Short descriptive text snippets
▬▬▬▬▬▬

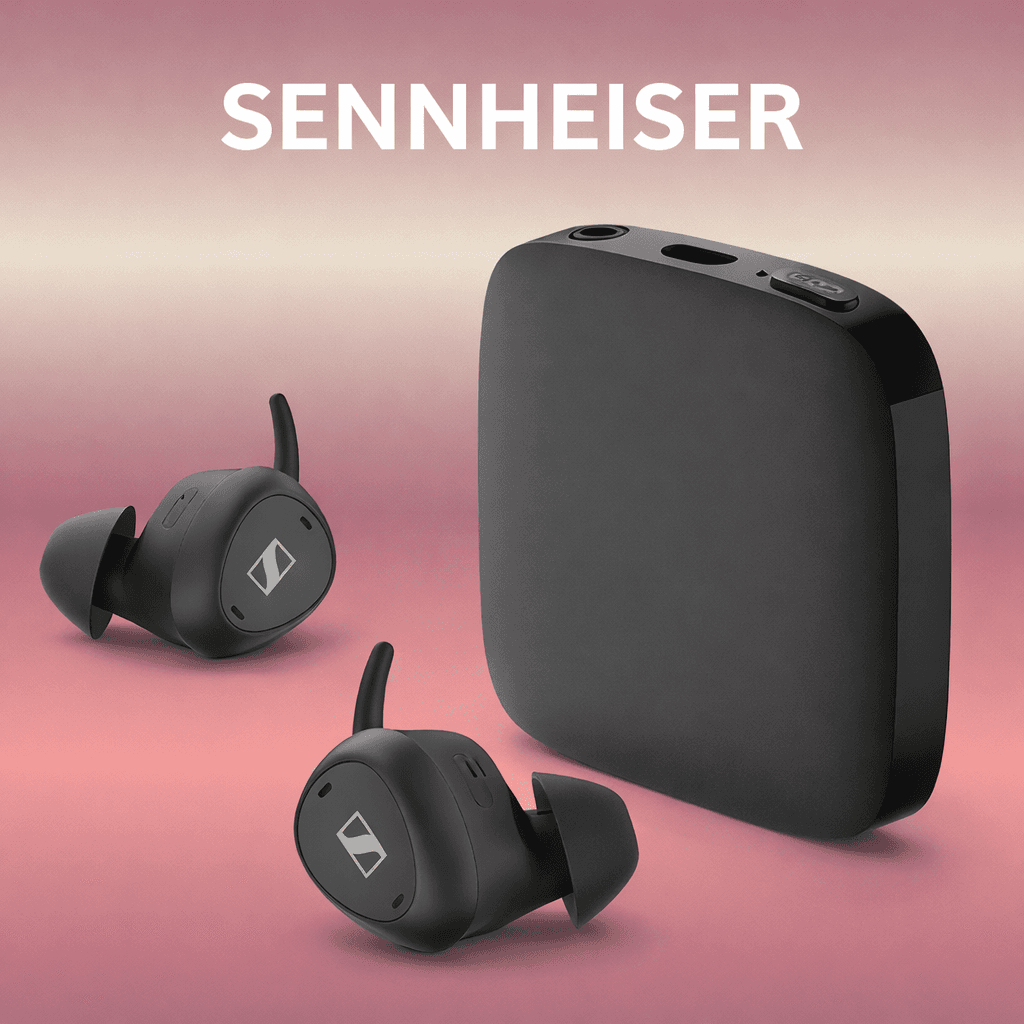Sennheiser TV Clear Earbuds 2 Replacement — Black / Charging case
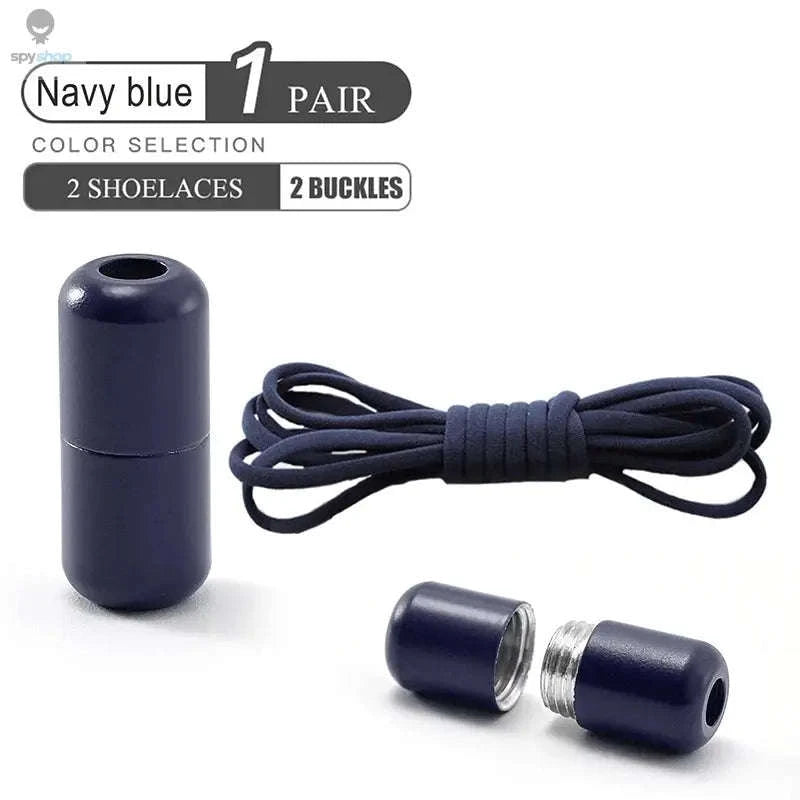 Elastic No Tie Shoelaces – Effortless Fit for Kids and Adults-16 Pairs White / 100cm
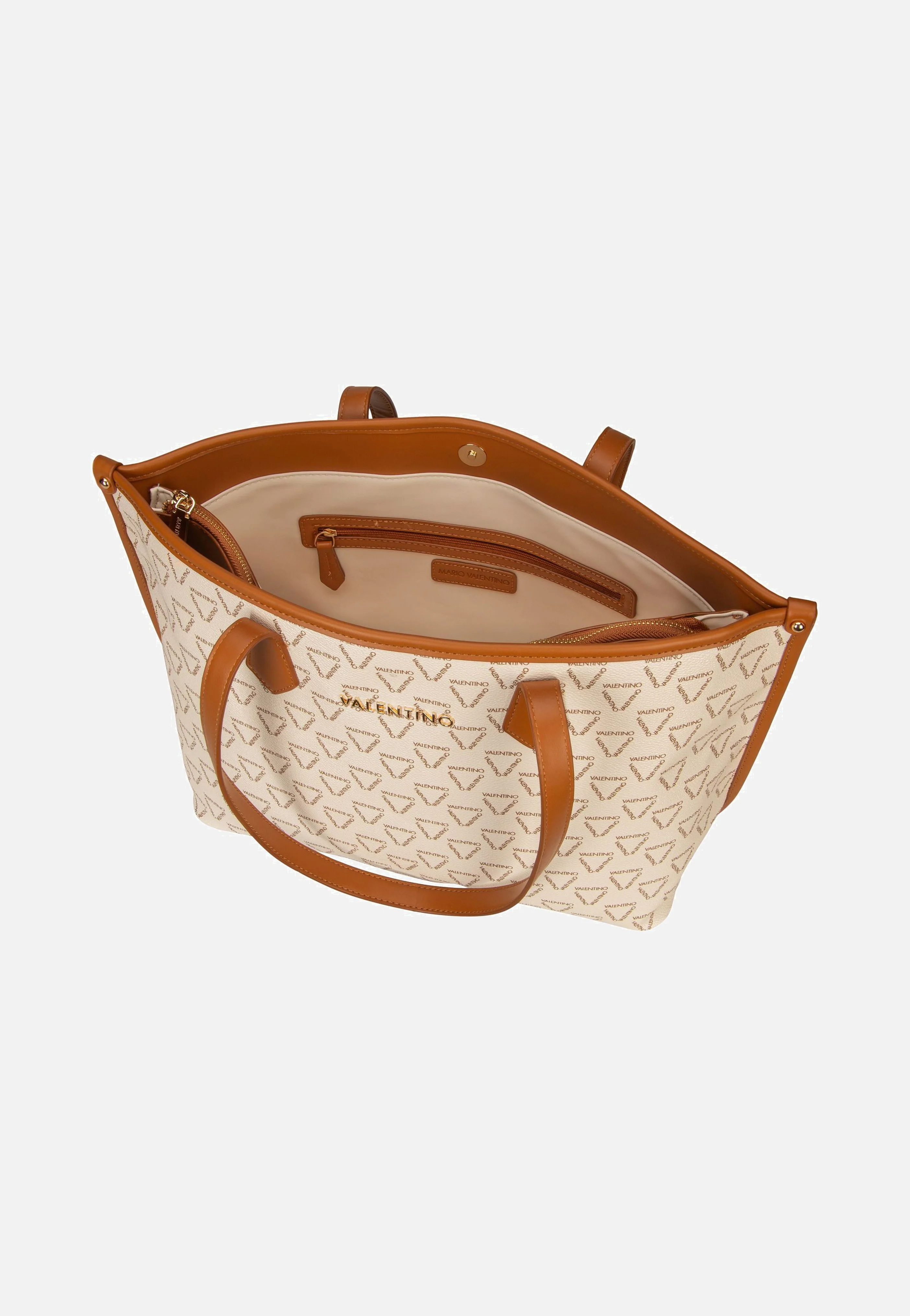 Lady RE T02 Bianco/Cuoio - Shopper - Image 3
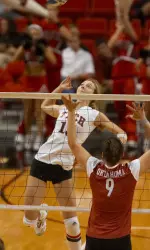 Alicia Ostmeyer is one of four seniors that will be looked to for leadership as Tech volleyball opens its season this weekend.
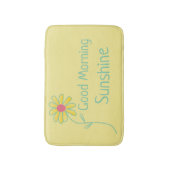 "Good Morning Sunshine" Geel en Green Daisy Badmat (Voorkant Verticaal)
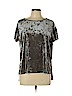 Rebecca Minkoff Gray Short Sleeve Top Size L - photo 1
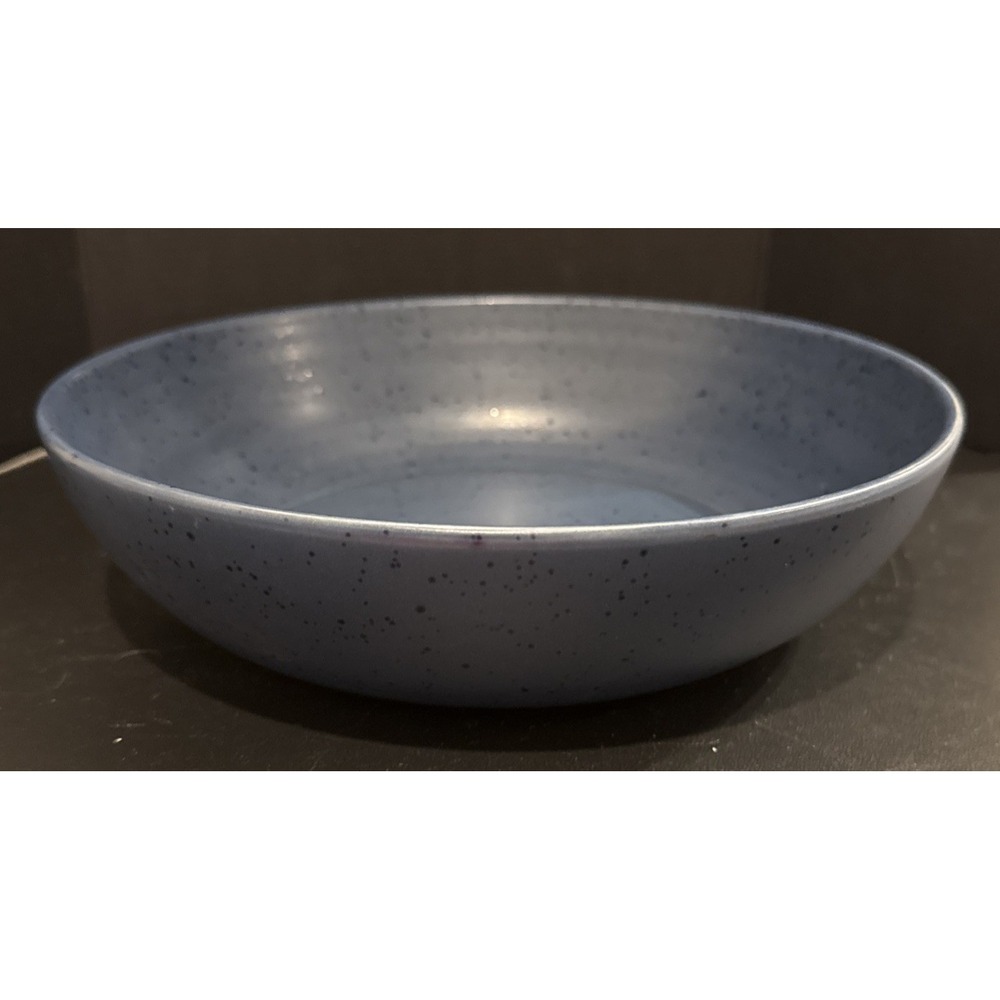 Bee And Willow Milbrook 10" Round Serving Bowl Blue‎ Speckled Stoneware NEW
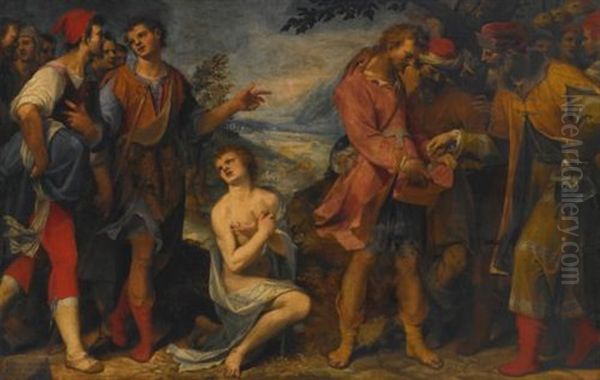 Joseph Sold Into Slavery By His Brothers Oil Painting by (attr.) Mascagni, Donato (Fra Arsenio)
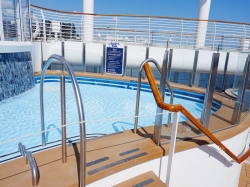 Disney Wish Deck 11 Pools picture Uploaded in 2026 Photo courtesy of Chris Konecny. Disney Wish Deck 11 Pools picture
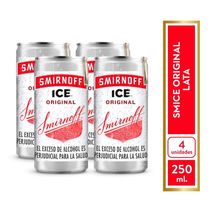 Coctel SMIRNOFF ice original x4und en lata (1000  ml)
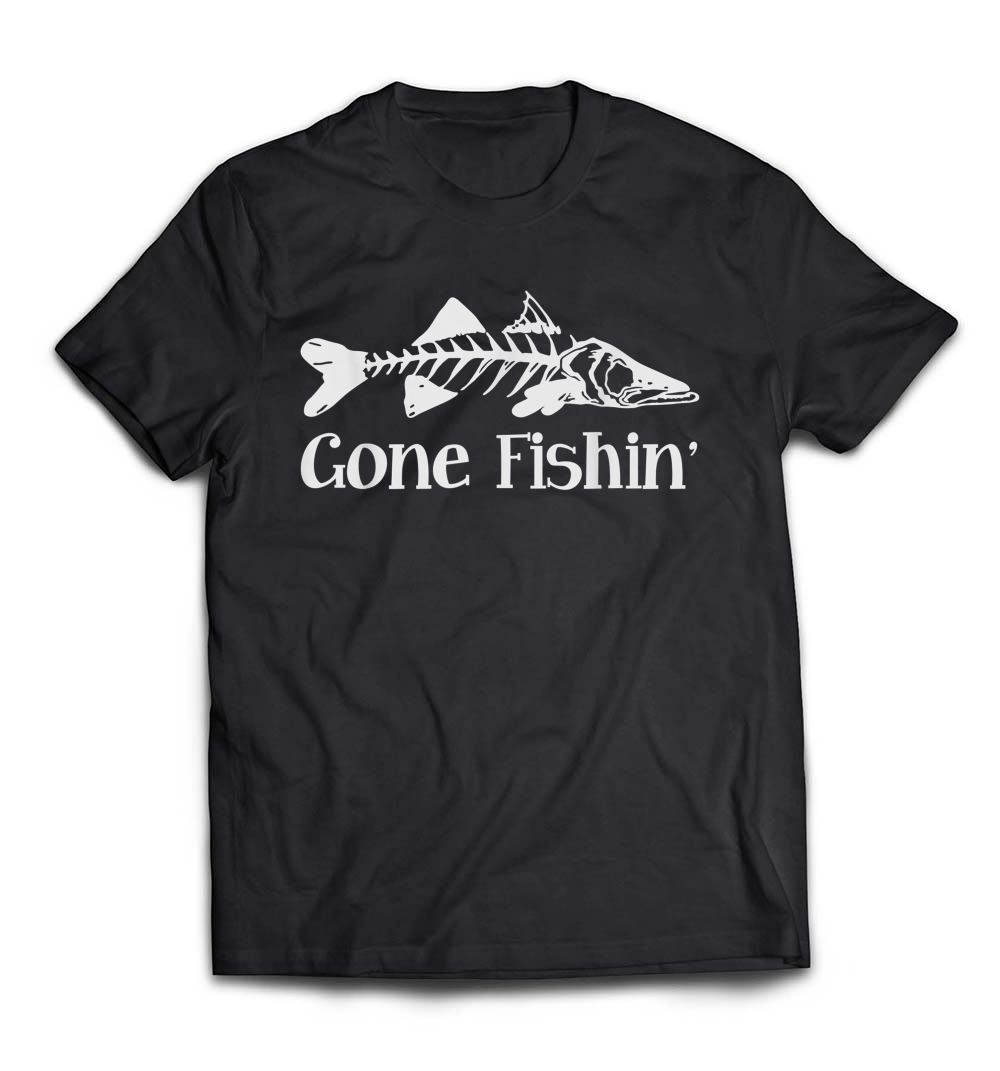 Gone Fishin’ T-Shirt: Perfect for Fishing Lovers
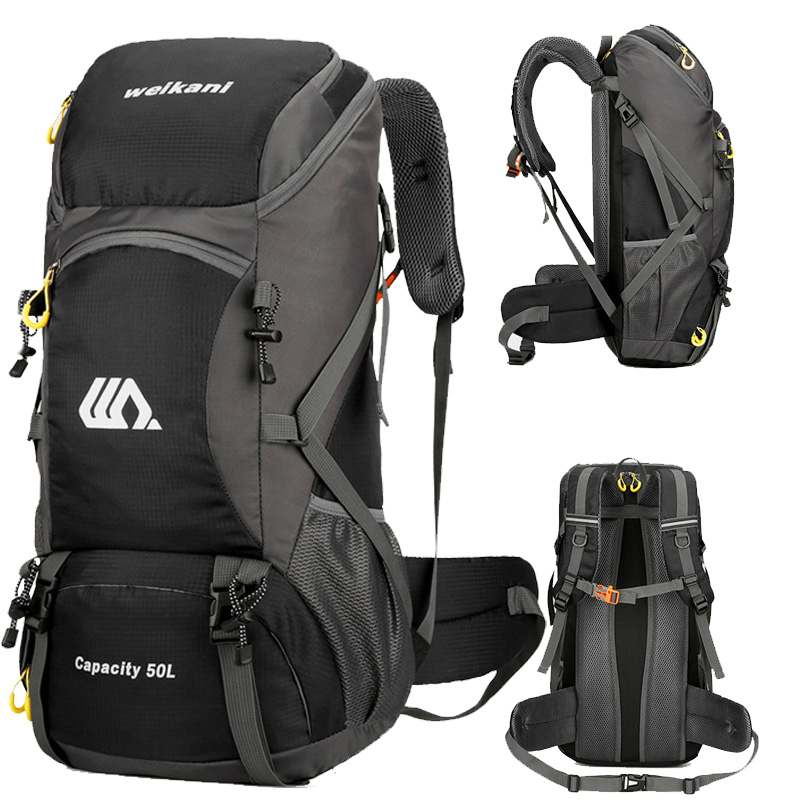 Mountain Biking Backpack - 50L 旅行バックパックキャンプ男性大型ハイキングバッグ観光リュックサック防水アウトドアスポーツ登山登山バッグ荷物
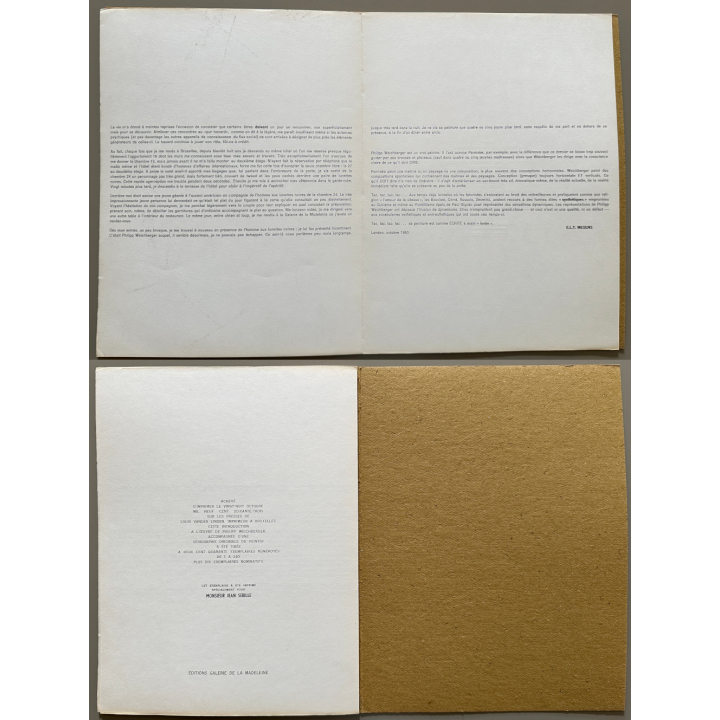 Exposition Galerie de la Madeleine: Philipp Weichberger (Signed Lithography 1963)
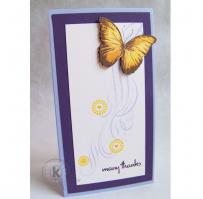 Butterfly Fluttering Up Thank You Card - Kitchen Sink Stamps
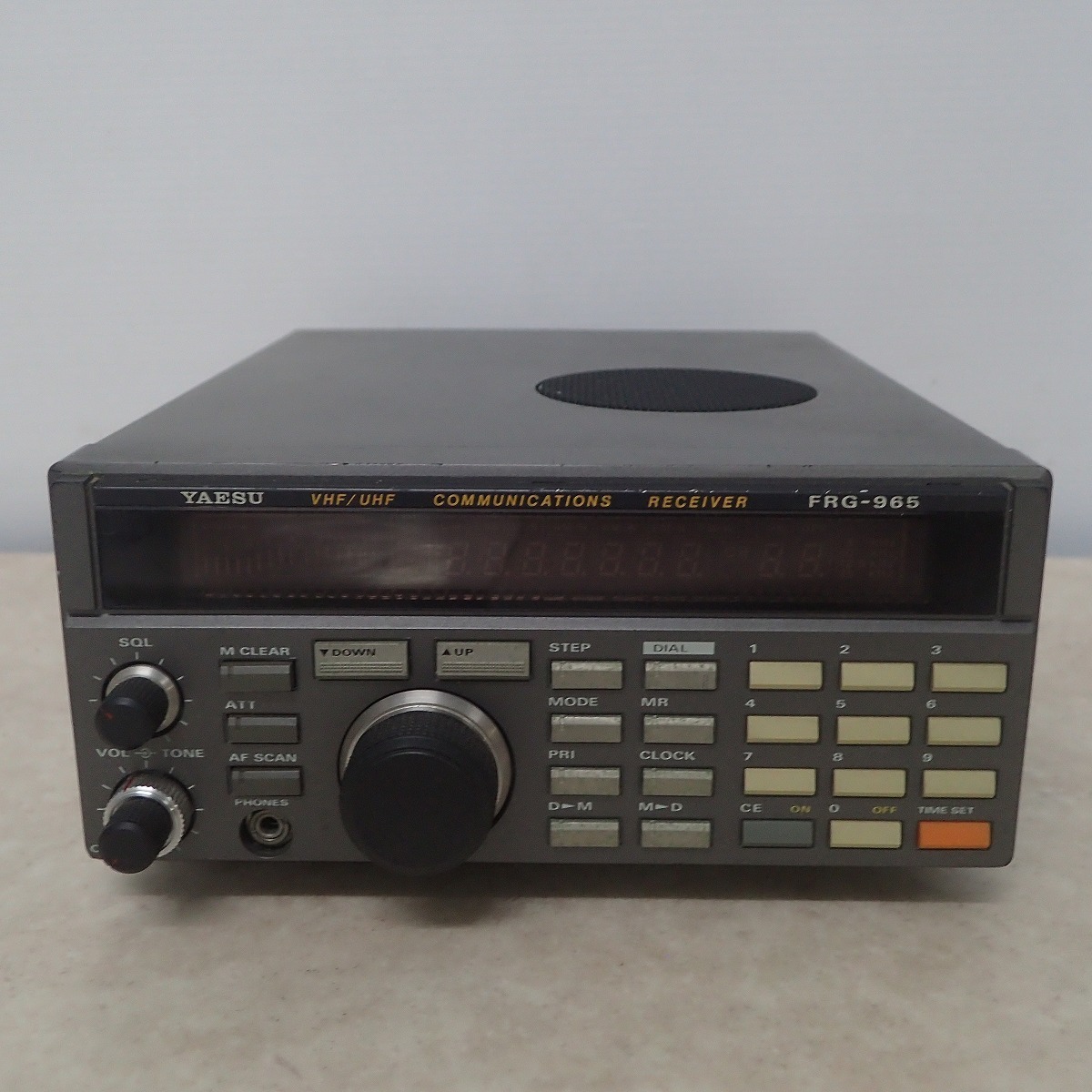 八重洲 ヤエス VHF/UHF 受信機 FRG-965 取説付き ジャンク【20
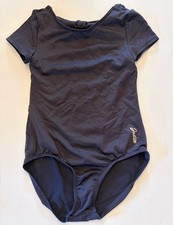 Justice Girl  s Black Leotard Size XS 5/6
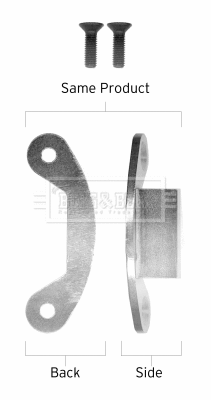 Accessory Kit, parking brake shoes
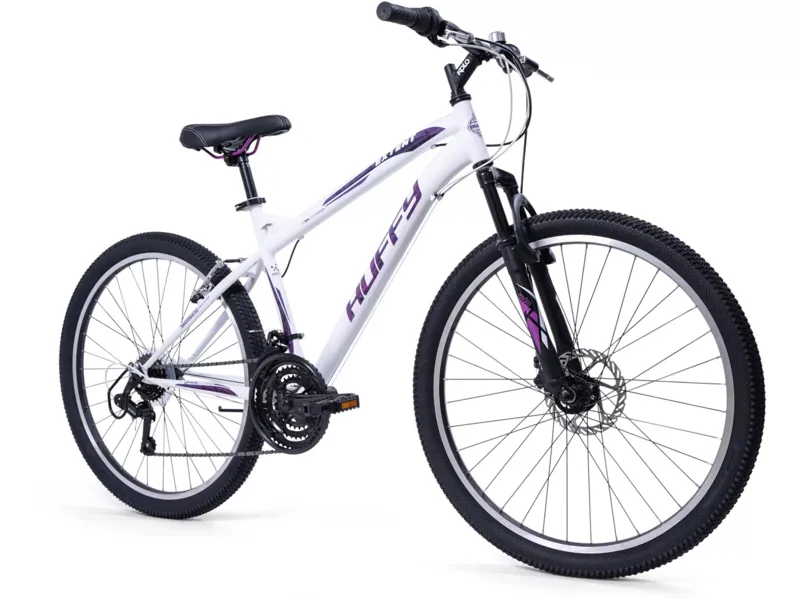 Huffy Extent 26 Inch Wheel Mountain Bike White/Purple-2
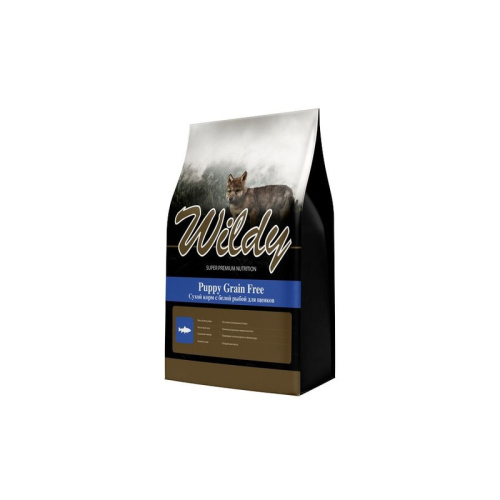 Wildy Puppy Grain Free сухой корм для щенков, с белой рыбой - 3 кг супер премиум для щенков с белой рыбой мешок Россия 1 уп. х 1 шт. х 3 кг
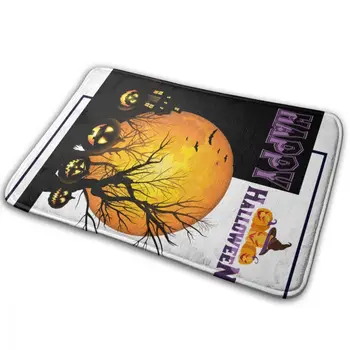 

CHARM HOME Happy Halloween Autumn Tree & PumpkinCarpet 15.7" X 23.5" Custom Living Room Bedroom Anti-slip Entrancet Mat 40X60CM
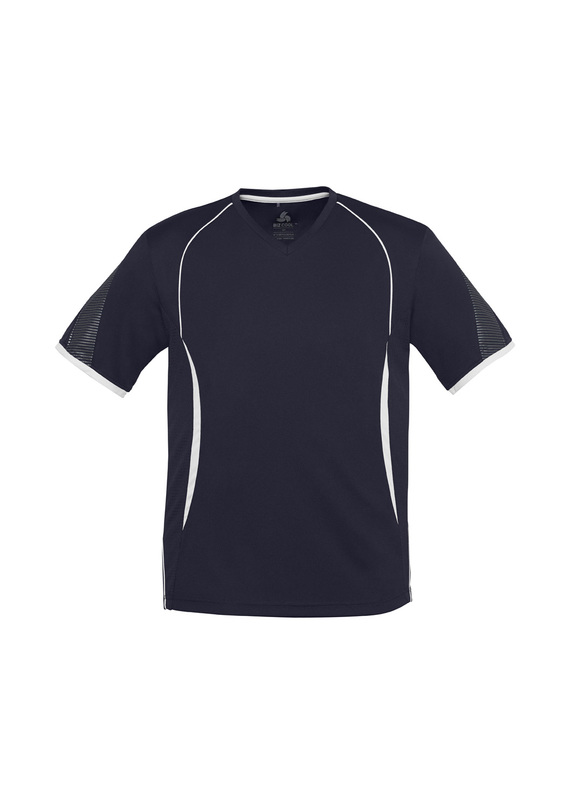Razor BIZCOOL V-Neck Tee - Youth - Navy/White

▬▬▬▬▬▬

**YOUR INSTRUCTIONS**
Pictures stay out. Return exactly the lines from the one with "Badmat (Voorkant Verticaal)" through the last line of the data.

**COMPLETED TASK**
 "Good Morning Sunshine" Geel en Green Daisy Badmat (Voorkant Verticaal)
 Rebecca Minkoff Gray Short Sleeve Top Size L - photo 1
 Bee And Willow Milbrook 10" Round Serving Bowl Blue‎ Speckled Stoneware NEW
 Joseph Sold Into Slavery By His Brothers Oil Painting by (attr.) Mascagni, Donato (Fra Arsenio)
 Disney Wish Deck 11 Pools picture Uploaded in 2026 Photo courtesy of Chris Konecny. Disney Wish Deck 11 Pools picture
 Coctel SMIRNOFF ice original x4und en lata (1000  ml)
 Gone Fishin’ T-Shirt: Perfect for Fishing Lovers
 Mountain Biking Backpack - 50L 旅行バックパックキャンプ男性大型ハイキングバッグ観光リュックサック防水アウトドアスポーツ登山登山バッグ荷物
 Exposition Galerie de la Madeleine: Philipp Weichberger (Signed Lithography 1963)
 Butterfly Fluttering Up Thank You Card - Kitchen Sink Stamps
 八重洲 ヤエス VHF/UHF 受信機 FRG-965 取説付き ジャンク【20
 Justice Girl  s Black Leotard Size XS 5/6
 Accessory Kit, parking brake shoes
 Huffy Extent 26 Inch Wheel Mountain Bike White/Purple-2
 Wildy Puppy Grain Free сухой корм для щенков, с белой рыбой - 3 кг супер премиум для щенков с белой рыбой мешок Россия 1 уп. х 1 шт. х 3 кг

CHARM HOME Happy Halloween Autumn Tree & PumpkinCarpet 15.7" X 23.5" Custom Living Room Bedroom Anti-slip Entrancet Mat 40X60CM
Razor BIZCOOL V-Neck Tee - Youth - Navy/White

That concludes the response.